━━ RECORD EXCERPTS ━━
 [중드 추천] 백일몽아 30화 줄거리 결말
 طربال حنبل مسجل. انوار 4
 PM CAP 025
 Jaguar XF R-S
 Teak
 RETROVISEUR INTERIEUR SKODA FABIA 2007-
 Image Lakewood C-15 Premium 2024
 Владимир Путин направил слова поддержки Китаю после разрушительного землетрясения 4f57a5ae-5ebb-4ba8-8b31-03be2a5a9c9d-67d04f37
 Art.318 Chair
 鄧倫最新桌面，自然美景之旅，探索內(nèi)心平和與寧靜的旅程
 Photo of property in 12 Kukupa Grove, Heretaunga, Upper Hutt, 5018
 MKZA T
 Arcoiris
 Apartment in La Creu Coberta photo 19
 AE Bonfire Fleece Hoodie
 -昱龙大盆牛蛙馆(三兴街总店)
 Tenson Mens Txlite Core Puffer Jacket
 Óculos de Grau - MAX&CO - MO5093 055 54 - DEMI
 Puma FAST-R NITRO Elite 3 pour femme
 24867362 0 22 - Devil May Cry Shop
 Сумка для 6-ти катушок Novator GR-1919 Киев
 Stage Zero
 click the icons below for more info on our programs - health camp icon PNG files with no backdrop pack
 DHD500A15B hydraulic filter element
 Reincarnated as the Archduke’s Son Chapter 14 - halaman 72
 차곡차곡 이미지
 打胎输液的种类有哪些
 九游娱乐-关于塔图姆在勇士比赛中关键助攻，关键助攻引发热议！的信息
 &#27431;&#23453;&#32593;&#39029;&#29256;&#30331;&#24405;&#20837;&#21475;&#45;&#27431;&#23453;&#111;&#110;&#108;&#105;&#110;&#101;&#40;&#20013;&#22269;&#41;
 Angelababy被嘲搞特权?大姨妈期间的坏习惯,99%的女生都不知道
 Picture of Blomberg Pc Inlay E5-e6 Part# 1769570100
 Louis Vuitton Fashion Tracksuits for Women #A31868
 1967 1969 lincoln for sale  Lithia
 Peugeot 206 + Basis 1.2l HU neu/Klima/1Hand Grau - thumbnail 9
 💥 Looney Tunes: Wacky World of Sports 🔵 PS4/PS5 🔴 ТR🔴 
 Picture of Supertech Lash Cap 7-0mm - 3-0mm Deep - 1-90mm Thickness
━━━
◆ DIRECTIONS ◆
Please copy exactly, and only, the lines running from the one containing "Reincarnated as the" through the end of the listing.

◆ RESPONSE BOX ◆
 Reincarnated as the Archduke’s Son Chapter 14 - halaman 72
 차곡차곡 이미지
 打胎输液的种类有哪些
 九游娱乐-关于塔图姆在勇士比赛中关键助攻，关键助攻引发热议！的信息
 &#27431;&#23453;&#32593;&#39029;&#29256;&#30331;&#24405;&#20837;&#21475;&#45;&#27431;&#23453;&#111;&#110;&#108;&#105;&#110;&#101;&#40;&#20013;&#22269;&#41;
 Angelababy被嘲搞特权?大姨妈期间的坏习惯,99%的女生都不知道
 Picture of Blomberg Pc Inlay E5-e6 Part# 1769570100
 Louis Vuitton Fashion Tracksuits for Women #A31868
 1967 1969 lincoln for sale  Lithia
 Peugeot 206 + Basis 1.2l HU neu/Klima/1Hand Grau - thumbnail 9
 💥 Looney Tunes: Wacky World of Sports 🔵 PS4/PS5 🔴 ТR🔴 
 Picture of Supertech Lash Cap 7-0mm - 3-0mm Deep - 1-90mm Thickness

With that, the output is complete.